Resumo do 40.º dia

Ucrânia quer mais apoio do Ocidente após massacre de Bucha

Ucrânia quer mais apoio do Ocidente após massacre de Bucha

Bucha continua a ser o epicentro da guerra na Ucrânia. Zelensky visitou a cidade massacrada e deixou uma certeza: os crimes cometidos serão "reconhecidos como um genocídio". A Ucrânia acredita numa mudança de rumo do conflito e quer mais apoio do Ocidente. A comunidade internacional falou a uma só uma voz e prometeu punir os autores.

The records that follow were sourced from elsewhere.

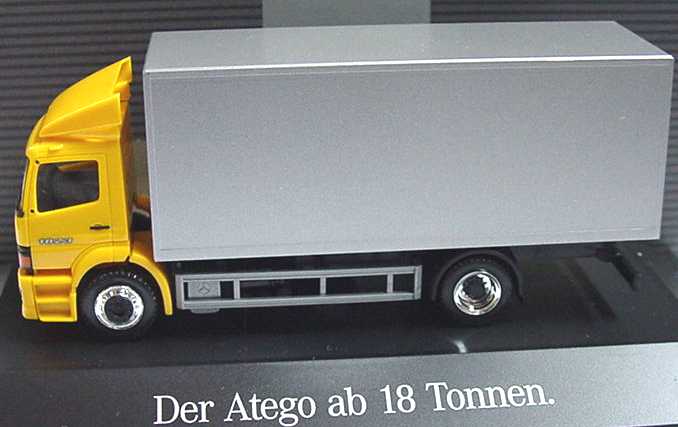 Foto 1:87 Mercedes-Benz Atego 2a Ko-Lkw gelb/silber Werbemodell herpa B66000307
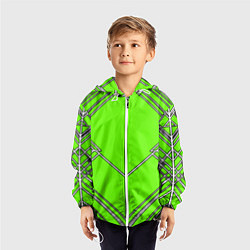 Ветровка с капюшоном детская Белые полосы на зелёном фоне, цвет: 3D-белый — фото 2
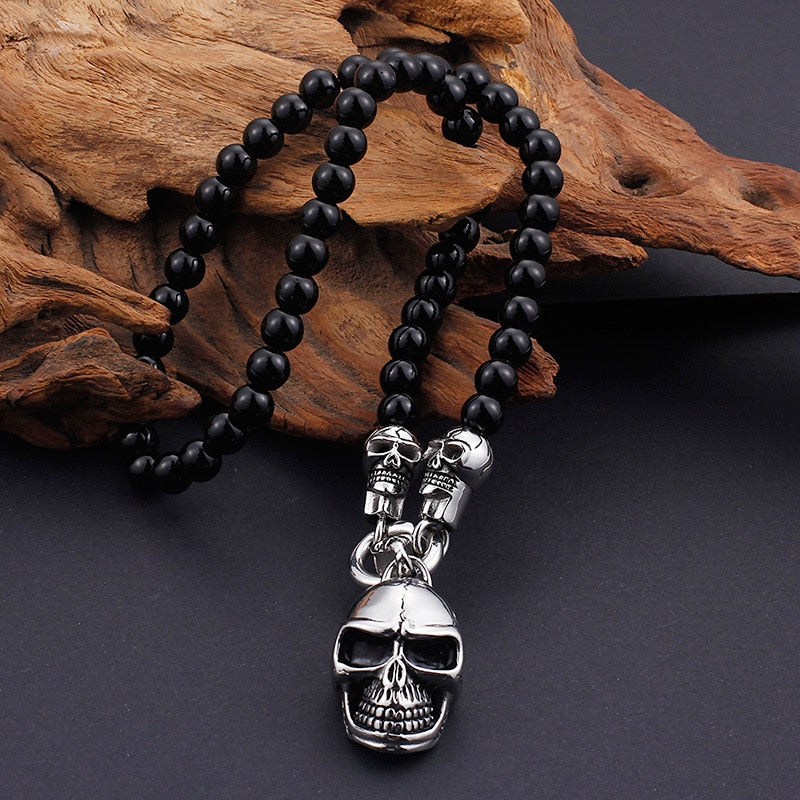 Punk Skull Glass Beads Chain Necklace. Badass biker necklaces. Badass biker jewelry. Badass skull accessories.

A Rússia nega "categoricamente" as acusações.

- O Presidente ucraniano afirmou esta segunda-feira, em visita a Bucha, que os "crimes de guerra", alegadamente cometidos por forças militares russas, serão "reconhecidos como um genocídio". Falando à imprensa numa das ruas onde foram encontrados dezenas de cadáveres de civis, Zelensky acusou o exército russo de ter cometido "um massacre" contra a população civil e admitiu ser difícil negociar com a Rússia dada à escalada de violência.

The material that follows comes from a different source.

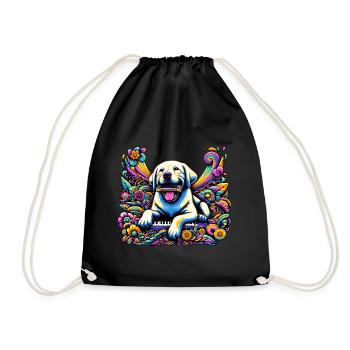 Labrador Harmonica Symphony - Drawstring Bag - black - Front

- Os assassinatos em Bucha devem servir como uma "virada de jogo" em relação ao apoio que o Ocidente está disposto a fornecer à Ucrânia, disse o ministro das Relações Exteriores do país. "O massacre de Bucha deve remover qualquer tipo de hesitação e relutância no Ocidente em fornecer à Ucrânia todas as armas necessárias para defender o nosso país e libertá-lo dos ocupantes russos", afirmou, em entrevista à BBC, Dmytro Kuleba. O resultado da guerra será decidido não apenas no campo de batalha, mas nos "escritórios na Europa e na América do Norte", onde serão tomadas as decisões sobre o nível de apoio adicional.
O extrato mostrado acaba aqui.